Posted: Fri Sep 20, 2019 6:08 pm
by SugOxOriel
Hi team,
I would like to do a large download where I get all application IDs for patents filed by UK entities and their associated CPC codes over 2000-2019 (using earliest filing year for the time interval). The issue is that PATSTAT online only allows you to export 700,000 rows at a time to excel. Even when I restrict the interval to one year (e.g. 2000-2001) there are more than 700,000 rows. Does anyone have any advice on how to do batch downloads? For example, how do I tell PATSTAT to download the first 350,000 rows and then download the bottom 350,000 rows? I've seen example code for this on sql help forums but am struggling to apply it to PATSTAT online. Any advice on how to do this would be appreciated. I also don't mind advice on other ways to handle very large downloads & how to get around the 700,000 row limit.
Thank you!

Re: Help with large downloads on PATSTAT online

Posted: Mon Sep 23, 2019 9:36 am
by EPO / PATSTAT Support
Hello SugOxOriel,
the 700.000 limit has been implemented exactly to avoid mass downloads. Researchers needing that much date would rather work with a local installed PATSTAT data base. EXCEL also has a limit of just over 1 million records on 1 sheet, so anything over that will need multiple sheets or another tool to work with. (or powerpivot)

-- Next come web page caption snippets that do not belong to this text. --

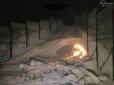 Трагедія в покинутому ангарі: У Маріуполі на смерть засипало піском дітей (фото)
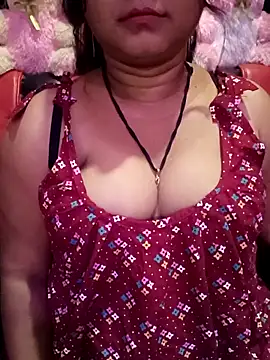 Snapshot of ella_mariya chatting on 13, 5, 2026 ella mariya online show from 13, 5, 2026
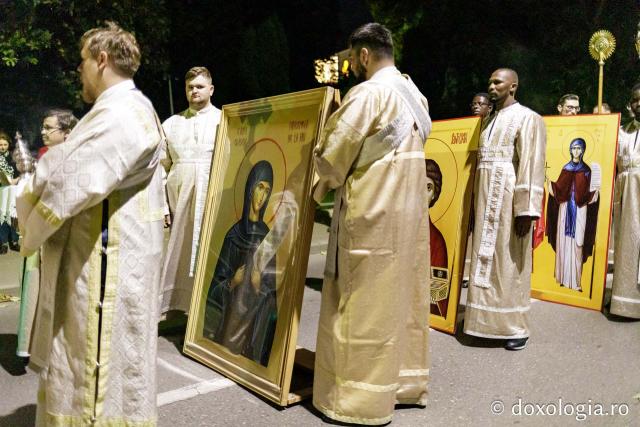 (Foto) Pelerinaj pe Calea Sfinților – credință și rugăciune în lumina harului Sfinților Parascheva și Pantelimon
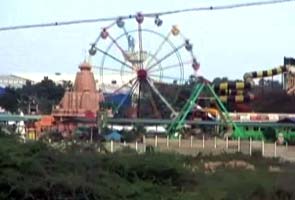 Air-hostess dies, thrown off amusement park ride near Chennai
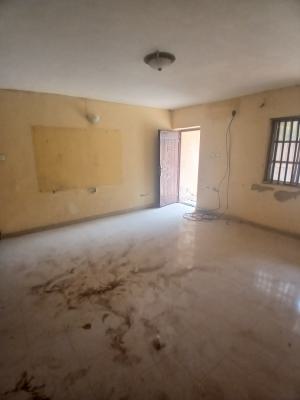 2 Bedroom Flat on Ground Floor with 3 Toilets, Gwarinpa, Abuja, Flat / Apartment for Rent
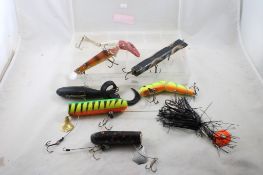 7 Muskie Fishing Lures 6 Wood & 1 Rubber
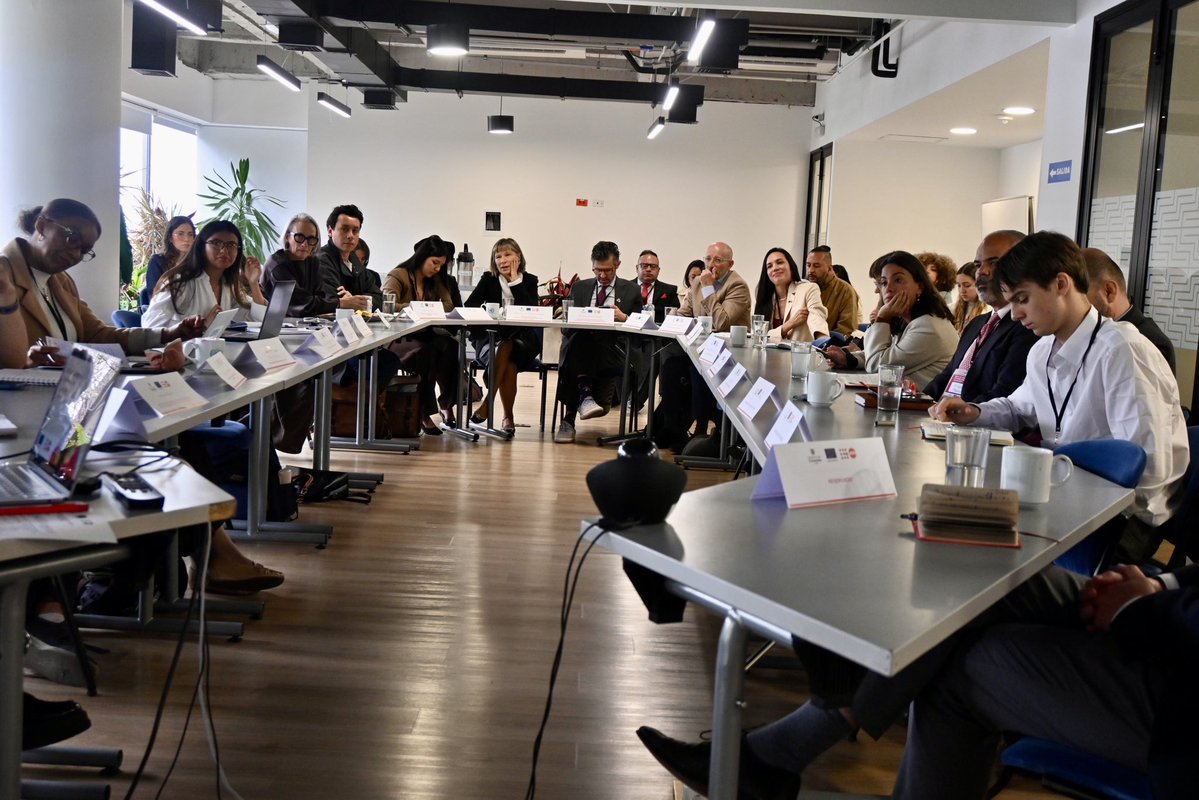 UNFPAColombia's tweet photo. Hoy realizamos la 5.ª Sesión de la Mesa de Cooperación Internacional, un espacio liderado por el Gobierno nacional @CancilleriaCol, @UNFPAColombia y @UEenColombia, para presentar el plan de trabajo 2026 y fortalecer la participación política de las juventudes y su incidencia en las políticas públicas.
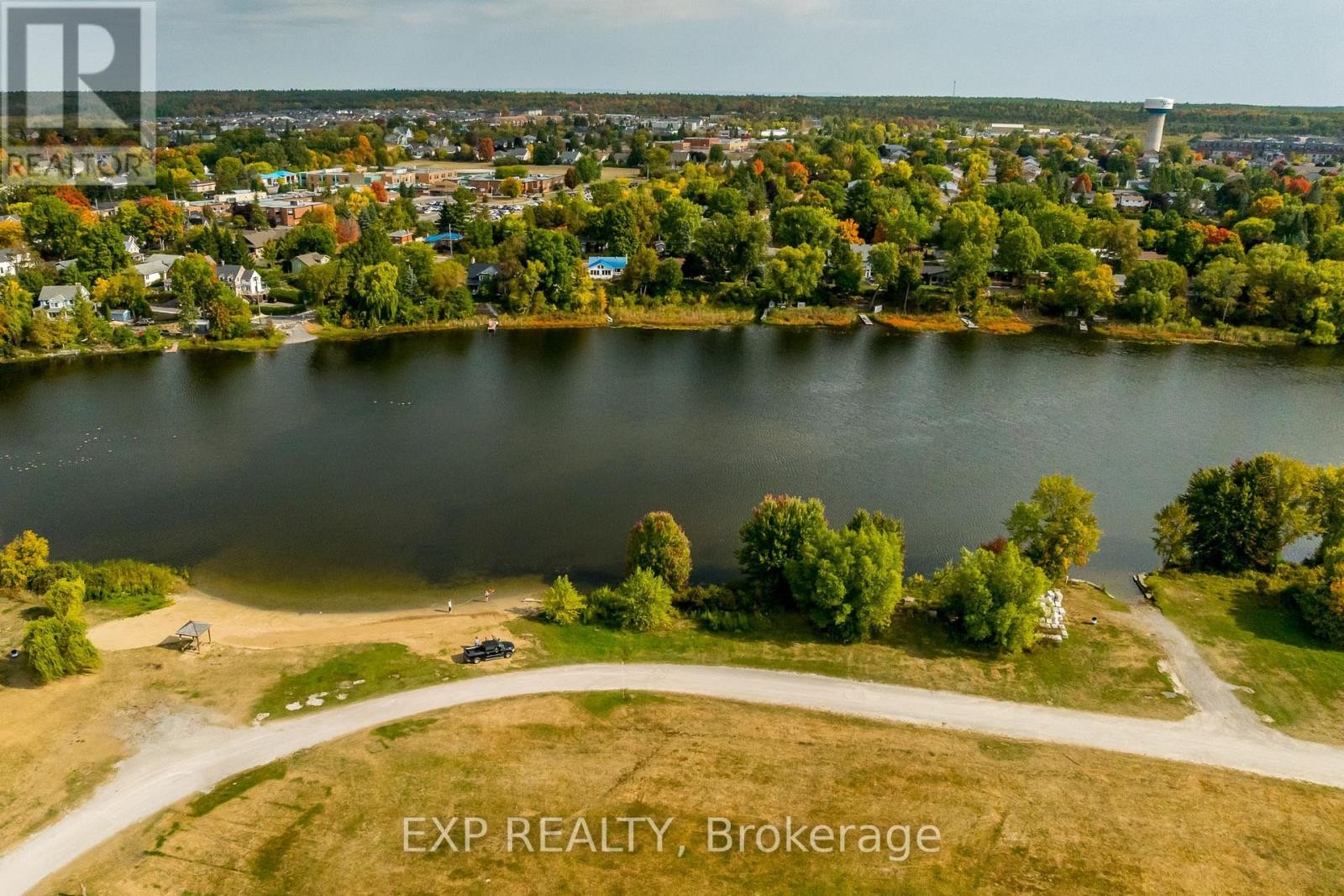 












74 MALCOLM STREET

,
Mississippi Mills,




Ontario
K0A1A0


There is no way to download more records in one go, so the only way is to do multiple downloads and then kind of merge the tables with a tool.

Assuming you only need the GB applications and the CPC codes for all applications between 2000 and 2019:
limit the output via an extra WHERE condition limiting the years:

Code: Select all

select * from tls201_appln join tls224_appln_cpc on tls201_appln.appln_id = tls224_appln_cpc.appln_id
where appln_auth = 'GB' 
and earliest_filing_year between 2000 and 2009
-- then change filing_year to 2010 and  2015
-- then change filing year to 2016 and 2019
order by tls201_appln.appln_id
That will give you 3 txt files which you can open in separate EXCEL worksheets or any other tool that can deal with millions of rows.

Another option if you need more then only the CPC codes would be to download MS ACCESS or CSV extractions, but the limit on such download is 100.000 applications.
In total, all GB applications between 2000 and 2019 means 463.150 records (PATSTAT 2019a), so you you would need to redo the process minimum 5 times with different time frames and then merge the databases (files)

Code: Select all

select * from tls201_appln 
where appln_auth = 'GB' and earliest_filing_year between 2000 and 2019
order by tls201_appln.appln_id
In MS ACCESS you will hit the Microsoft maximum data base size of 2 GB, so you will need to use another tool. If you do this systematic for large data sets, your IP address / account will be blocked !

Depending on the nature of your research, would it not be possible to aggregate your data PATSTAT Online instead of downloading ?